Hydrogen evolution reaction (HER) has gained a great interest in recent years because it provides the cleanest fuel (H2). One of the most demanding things required for this reaction is an efficient and cost-effective catalyst. Single atom catalysis is one of the most remarkable strategies in this regard. Herein, transition metals adsorbed silicon carbide nanocages (TM@Si12C12; TM = Zn, Fe, Co, Cu, Ni) are investigated as single atom catalysts in order to search less expensive electrocatalysts with excellent efficiency for HER. The pure and hydrogen adsorbed TM@Si12C12 show geometric and thermodynamic stability which illustrates their practical utility.

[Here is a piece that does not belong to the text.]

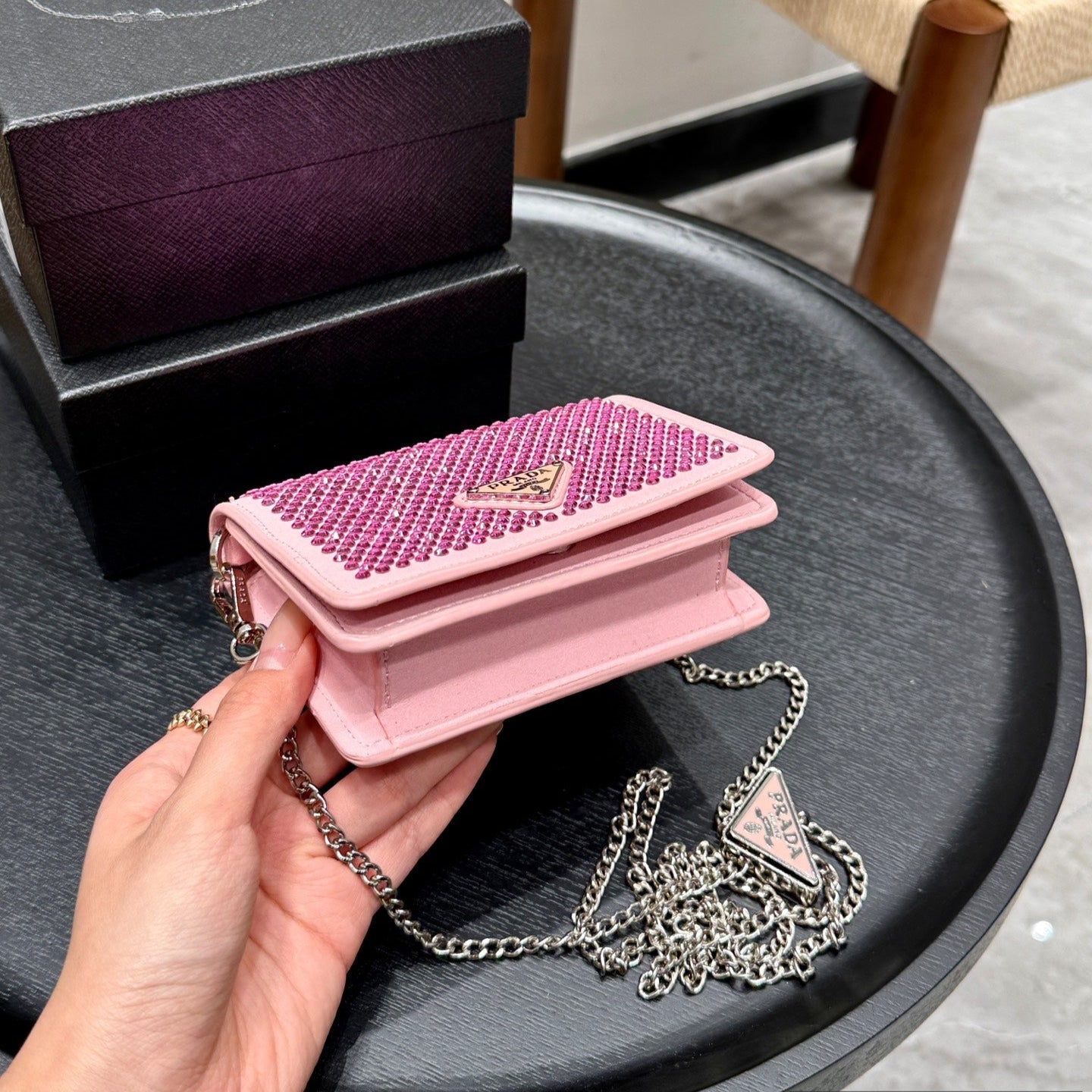 STUDDED CRYSTAL WALLET ON CHAIN 13 IN PINK CALFSKIN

Interaction energies obtained range from −0.70 to −5.73 eV, and it is suggested that Cu@Si12C12 may play an excellent role in HER due to its lowest Gibbs free energy of −0.17 eV (near to zero). In this work, we investigated electronic properties through natural bond orbital (NBO) analysis of selected TM@SiC. According to NBO calculations, it is observed that charge is transferred from adsorbed transition metals towards nanocage. After H adsorption, NBO charge is transferred to hydrogen which shows the adsorption properties of H. In case of HOMO-LUMO energy gap, it is observed that transition metal adsorbed complexes have small energy gaps between 2.17 and 2.77 eV but after adsorption of hydrogen, this energy gap increases to lie in the range of to change from 2.93 to 3.12 eV, which also verified the electronic stability of H adsorbed species. The noncovalent interactions are estimated through NCI analysis. The density of states analysis gives insight about the energy states of occupied and unoccupied orbitals of electrons. The highest thermodynamic stability and electronic conductivity of transition metal adsorbed silicon carbide suggested it as an excellent supportive surface for HER.